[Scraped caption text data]
● ● ● ●

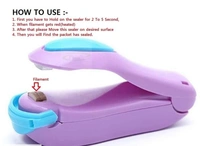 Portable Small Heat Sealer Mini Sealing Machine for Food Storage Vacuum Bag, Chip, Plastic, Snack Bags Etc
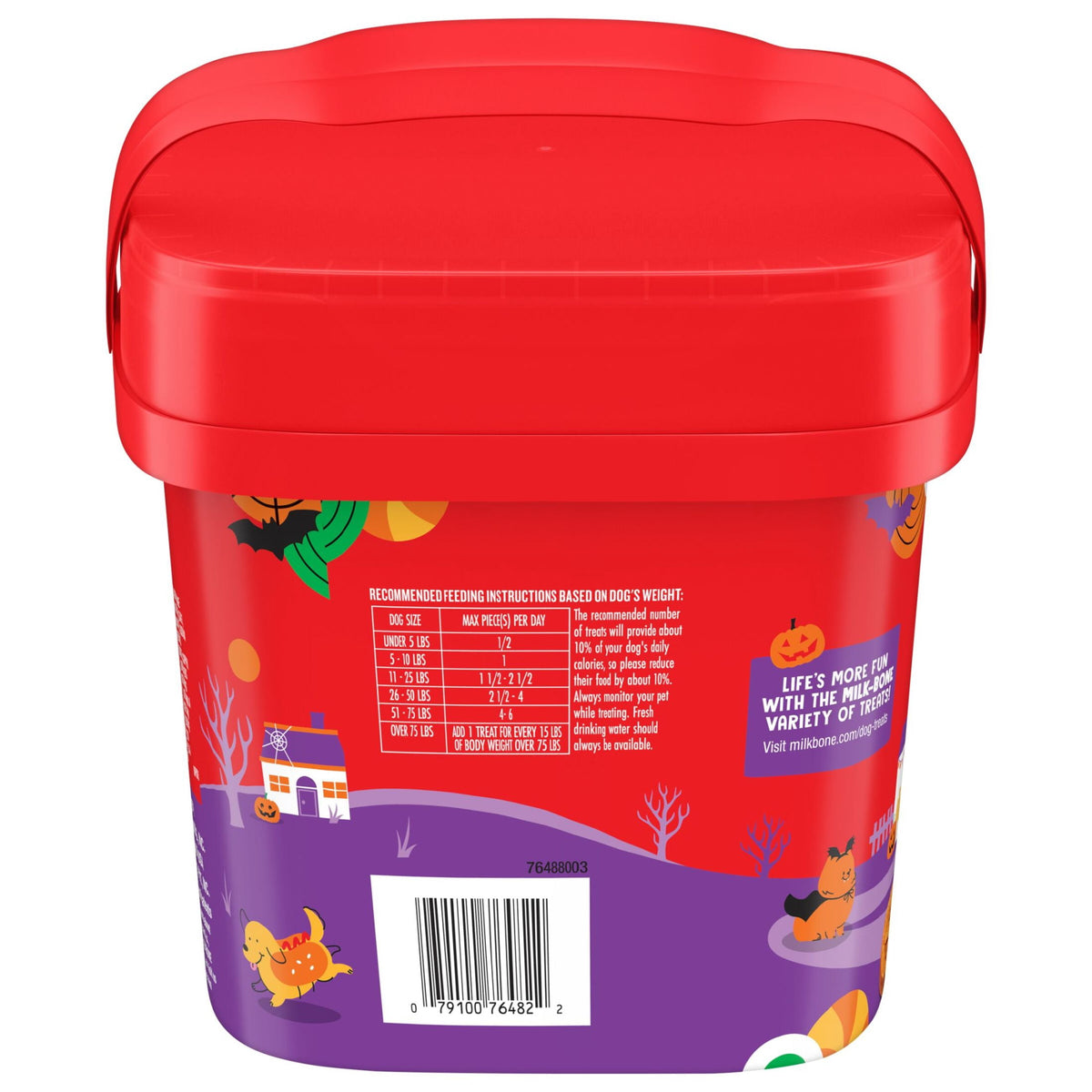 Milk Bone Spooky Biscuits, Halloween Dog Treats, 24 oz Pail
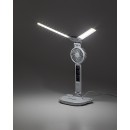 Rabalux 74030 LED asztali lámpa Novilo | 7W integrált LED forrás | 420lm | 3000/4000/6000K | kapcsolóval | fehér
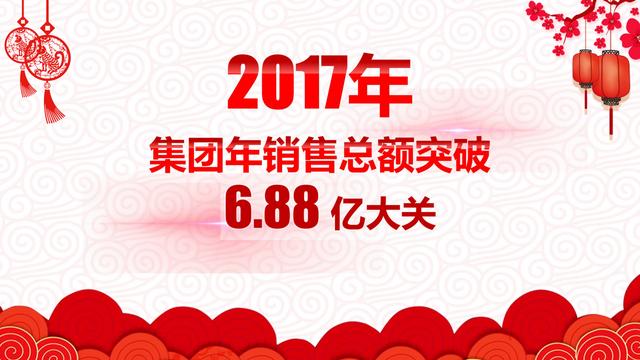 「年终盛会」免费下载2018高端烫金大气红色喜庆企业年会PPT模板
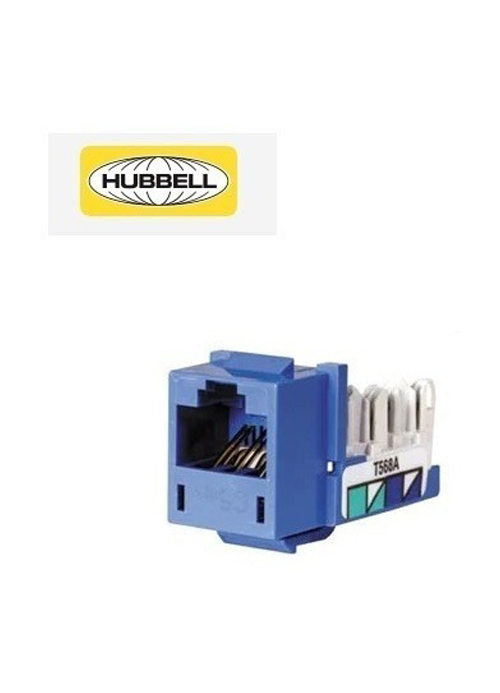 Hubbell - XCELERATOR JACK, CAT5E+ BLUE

● ● ● ●

# EXERCISE REQUIREMENTS
Copy the records exactly, minus any pictures.

# TASK ANSWER
 Portable Small Heat Sealer Mini Sealing Machine for Food Storage Vacuum Bag, Chip, Plastic, Snack Bags Etc
 Milk Bone Spooky Biscuits, Halloween Dog Treats, 24 oz Pail
 Rabalux 74030 LED asztali lámpa Novilo | 7W integrált LED forrás | 420lm | 3000/4000/6000K | kapcsolóval | fehér
 「年终盛会」免费下载2018高端烫金大气红色喜庆企业年会PPT模板
 Hubbell - XCELERATOR JACK, CAT5E+ BLUE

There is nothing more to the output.